Thanks, as I said earlier, I am flattered.

It is of course conceptually it is very close after you copy all the
internal design elements of the swap table approach.

> FWIW, we can use 4 bytes in virtual swap as well if we leave the xarray
> in zswap. 4 bytes is plenty of space for an index into the zswap xarray
> if we no longer use the swap offset. But if we use 8 bytes we can
> actually get rid of the zswap xarray, by merging it with the virtual
> swap xarray, or even stop using xarrays completely if we adopt the
> current swap table allocator for the virtual swap indexes.
>
> As Nhat mentioned earlier, I suspect we'll end up not using any extra
> overhead at all for the zswap-only case, or even reducing the current
> overhead.

In my design there is no extra xarray for zswap, you just have to take
my word for it now.
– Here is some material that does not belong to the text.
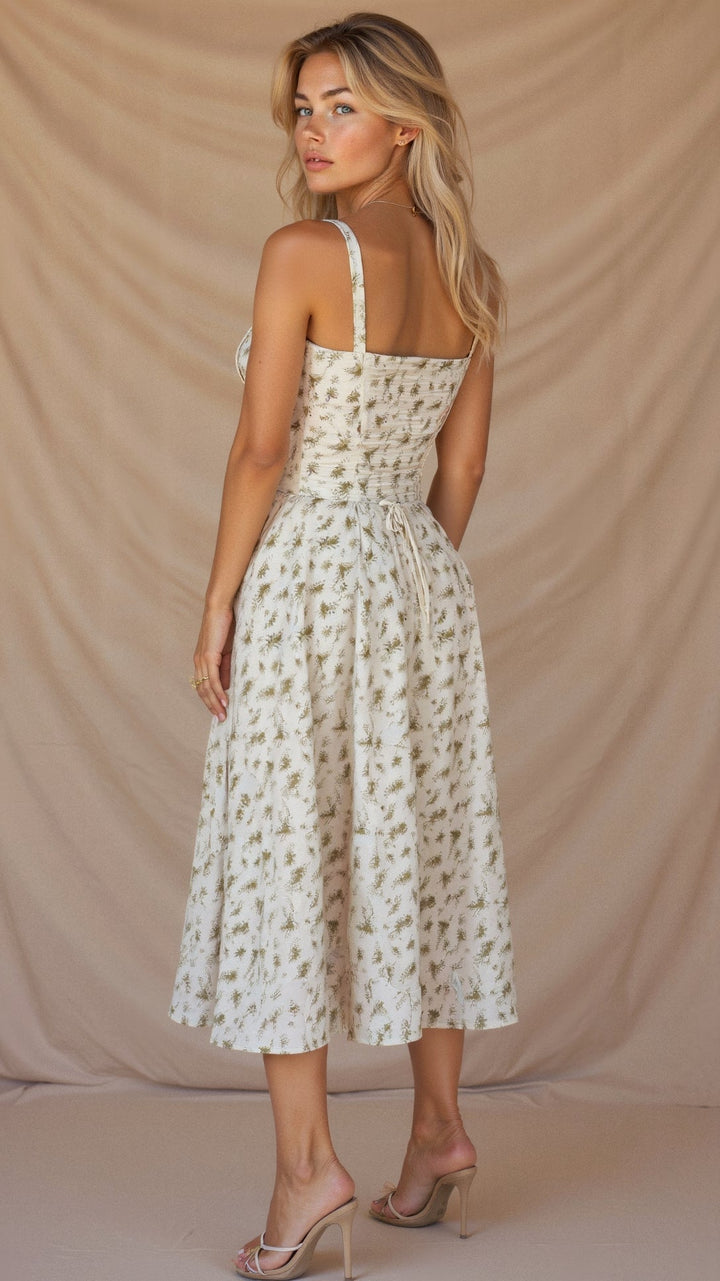 Women's Midi Dress - Floral Print - Sweetheart Neckline - Fitted Bodice - Side Slit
That is very late in the game, finish the swap
table glory first.

Yosry, thank you for driving a good technical discussion. I really enjoy it.

I wish the beginning of the discussion went through this path instead.
The multi NACK first ask questions later and the condescending tone at
the beginning of the discussion really upsets me. The me alone facing
four round robin intense arguing doesn't help either. It makes me feel
I am not welcomed. I am short tempered and easily get triggered. I am
sorry for my behavior as well. Just give me a few moments and I will
come to my senses.

The ironic part of the discussion is that the "dead end" is the one
being converging to. The "afterthought" turns out to be "leading
thought". Let that be a lesson for everyone, me included. Be nice to
the people who hold different ideas than yourself.

Looking forward to more discussion like this.

Chris